Recensioni Film

Nelle nostre sale arriva “Giulia”, il nuovo film del regista di “Spaghetti Story”

Presentato al Nuovo Cinema Aquila e distribuito da Koch Media in quarantacinque sale italiane Giulia, terzo lungometraggio di Ciro De Caro.

Mimmo Calopresti modera l’incontro con Ciro De Caro e gli interpreti


Giulia sostiene un colloquio di lavoro, tradendo un curriculum frammentario e obiettivi opachi… Giulia rovista nei cassonetti, raccoglie giocattoli e materiali per neonati, li accumula, li porta in chiesa quale offerta votiva… Giulia ripone una piccola speranza di relazione in un incontro occasionale nato dai social, speranza castrata subito dopo la consumazione del rapporto… Giulia è convinta di avere ancora un fidanzato, al quale chiede un figlio: lui l’ha lasciata già da tempo e lei, persa la casa, lo ritrova, senz’altro scopo che manifestare la propria persistenza, rompere l’altrui armonia e poi, di nuovo, sparire… Giulia sembra conquistare una dimensione lavorativa (ed espressiva) all’interno di un centro per anziani, tuttavia si tratta anche stavolta di una sistemazione precaria.
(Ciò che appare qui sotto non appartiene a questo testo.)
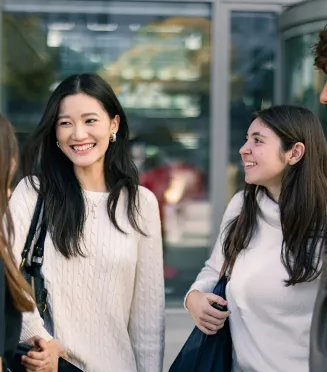 Des étudiants d'emlyon business school  devant l'entrée du campus de Lyon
Ma è Giulia, adesso, ad essere oggetto di attenzioni, da parte di un ragazzo e dei suoi due amici, che la assecondano, la studiano, la accompagnano nelle sue peregrinazioni fino in riva al mare, fino alla sua ennesima sparizione…

Rosa Palasciano, Ciro De Caro e Mimmo Calopresti



Giulia, a testa in giù e a tutto campo, sulla locandina del film, annunciata dal punto esclamativo colorato che sostituisce la “i” del suo nome: Giulia coincide con il film e con la sua magnifica interprete, Rosa Palasciano. I confini sfumano, le immagini, le azioni, gli eventi rubati dalla chirurgica cinepresa del regista si fondono con ciò che è stato preparato in sceneggiatura, i tagli delle inquadrature ambiscono alla decontestualizzazione di luoghi e individualità che seguitano però a pulsare della propria vivida e indipendente concretezza.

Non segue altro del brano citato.